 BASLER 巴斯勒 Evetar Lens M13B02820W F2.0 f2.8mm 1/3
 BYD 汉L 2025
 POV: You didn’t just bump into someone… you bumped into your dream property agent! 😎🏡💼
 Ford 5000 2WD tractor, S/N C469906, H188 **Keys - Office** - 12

...

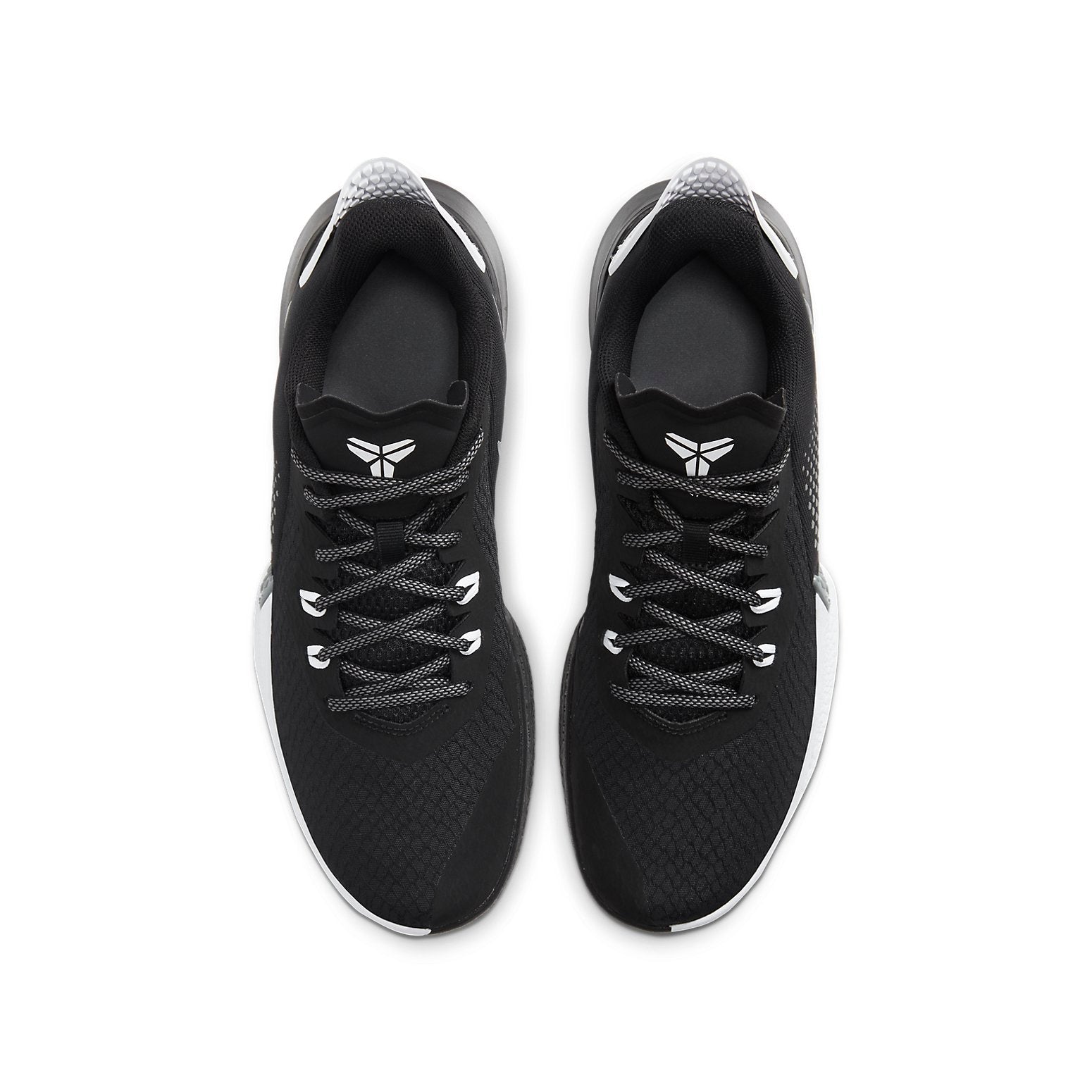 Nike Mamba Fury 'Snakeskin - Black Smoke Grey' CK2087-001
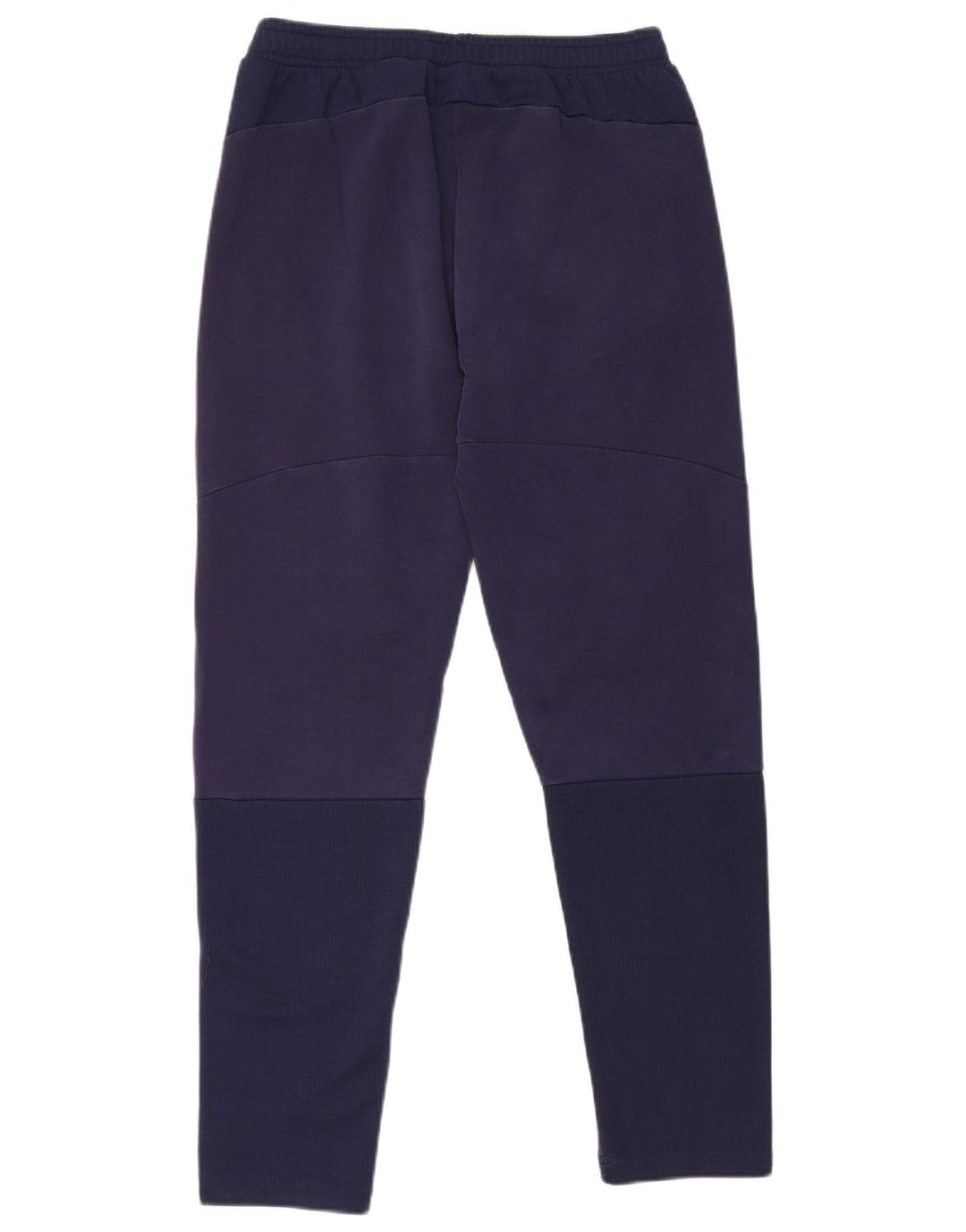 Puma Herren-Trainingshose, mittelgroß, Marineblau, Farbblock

__Exercise brief__. Everything above from the line with "BASLER 巴斯勒 Evetar" to the line with "Ford 5000 2WD", both included, must be repeated exactly, and nothing outside that range.

__Answer section__.
 BASLER 巴斯勒 Evetar Lens M13B02820W F2.0 f2.8mm 1/3
 BYD 汉L 2025
 POV: You didn’t just bump into someone… you bumped into your dream property agent! 😎🏡💼
 Ford 5000 2WD tractor, S/N C469906, H188 **Keys - Office** - 12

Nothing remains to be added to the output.